Value 6000.0 in index row 3 for column df['pixelLimit'] is incorrect because this value is from df['maxPixel'] index row 7 which has a df['date'] datetime of 2019-08-09 16:00:00 which is greater than the 2019-08-06 22:00:00 df['date'] datetime contained in index row .
Correct output:
date type colour maxPixel minPixel colourDate pixelLimit
0 2019-08-06 09:00:00 0.0 blue 255 86 2019-08-06 12:00:00 NaN
1 2019-08-06 12:00:00 1.0 red 7346 96 2019-08-08 16:00:00 14.0
2 2019-08-06 18:00:00 NaN NaN 32 14 2019-08-06 23:00:00 NaN
3 2019-08-06 21:00:00 1.0 blue 5184 3540 2019-08-06 22:00:00 5184.0
4 2019-08-07 09:00:00 NaN NaN 600 528 2019-08-08 09:00:00 NaN
5 2019-08-07 16:00:00 NaN NaN 322 300 2019-08-09 16:00:00 NaN
6 2019-08-08 17:00:00 0.0 blue 72 12 2019-08-08 23:00:00 NaN
7 2019-08-09 16:00:00 0.0 red 6000 4009 2019-08-11 16:00:00 NaN
Explanation why output is correct:
Value 14.0 in index row 1 for column df['pixelLimit'] is correct because we are looking for the minimum value in column df['minPixel'] which has a datetime in column df['date'] less than the datetime in index row 1 for column df['colourDate'] and greater or equal to the datetime in index row 1 for column df['date']
Value 5184.0 in index row 3 for column df['pixelLimit'] is correct because we are looking for the maximum value in column df['maxPixel'] which has a datetime in column df['date'] less than the datetime in index row 3 for column df['colourDate'] and greater or equal to the datetime in index row 3 for column df['date']
Considerations:
Maybe np.select is not best suited for this task and some sort of function might serve the task better?
Also, maybe I need to create some sort of dynamic len to use as a starting point for each row?
Request
Please can anyone out there help me amend my code to achieve the correct output
For matching problems like this one possibility is to do the complete merge, then subset, using a Boolean Series, to all rows that satisfy your condition (for that row) and find the max or min among all the possible matches. Since this requires slightly different columns and different functions I split the operations into 2 very similar pieces of code, one to deal with 1/blue and the other for 1/red.
First some housekeeping, make things datetime
import pandas as pd
df['date'] = pd.to_datetime(df['date'])
df['colourDate'] = pd.to_datetime(df['colourDate'])
Calculate the min pixel for 1/red between the times for each row
# Subset of rows we need to do this for
dfmin = df[df.type.eq(1) & df.colour.eq('red')].reset_index()

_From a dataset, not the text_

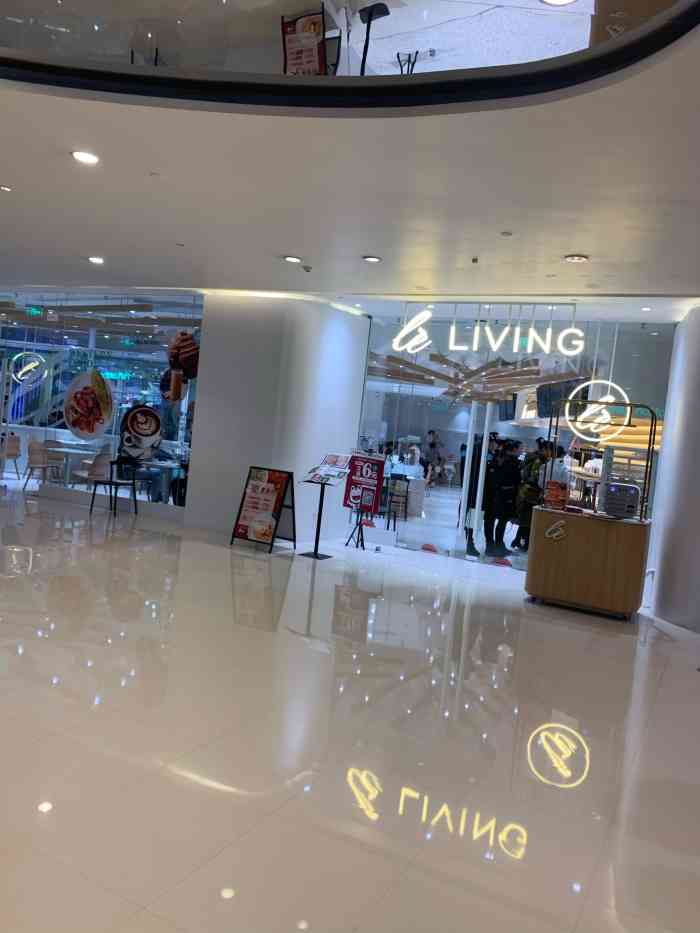 万象城-"银河国际购物中心是一座大型综合性购物广场.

# To each row merge all rows from the original DataFrame
dfmin = dfmin.merge(df[['date', 'minPixel']], how='cross')
# If pd.version < 1.2 instead use:
#dfmin = dfmin.assign(t=1).merge(df[['date', 'minPixel']].assign(t=1), on='t')
# Only keep rows between the dates, then among those find the min minPixel
smin = (dfmin[dfmin.date_y.between(dfmin.date_x, dfmin.colourDate)]
.groupby('index')['minPixel_y'].min()
.rename('pixel_limit'))
#index
#1 14
#Name: pixel_limit, dtype: int64
# Max is basically a mirror
dfmax = df[df.type.eq(1) & df.colour.eq('blue')].reset_index()
dfmax = dfmax.merge(df[['date', 'maxPixel']], how='cross')
#dfmax = dfmax.assign(t=1).merge(df[['date', 'maxPixel']].assign(t=1), on='t')
smax = (dfmax[dfmax.date_y.between(dfmax.date_x, dfmax.colourDate)]
.groupby('index')['maxPixel_y'].max()
.rename('pixel_limit'))
Finally because the above groups over the original index (i.e. 'index') we can simply assign back to align with the original DataFrame.
df['pixel_limit'] = pd.concat([smin, smax])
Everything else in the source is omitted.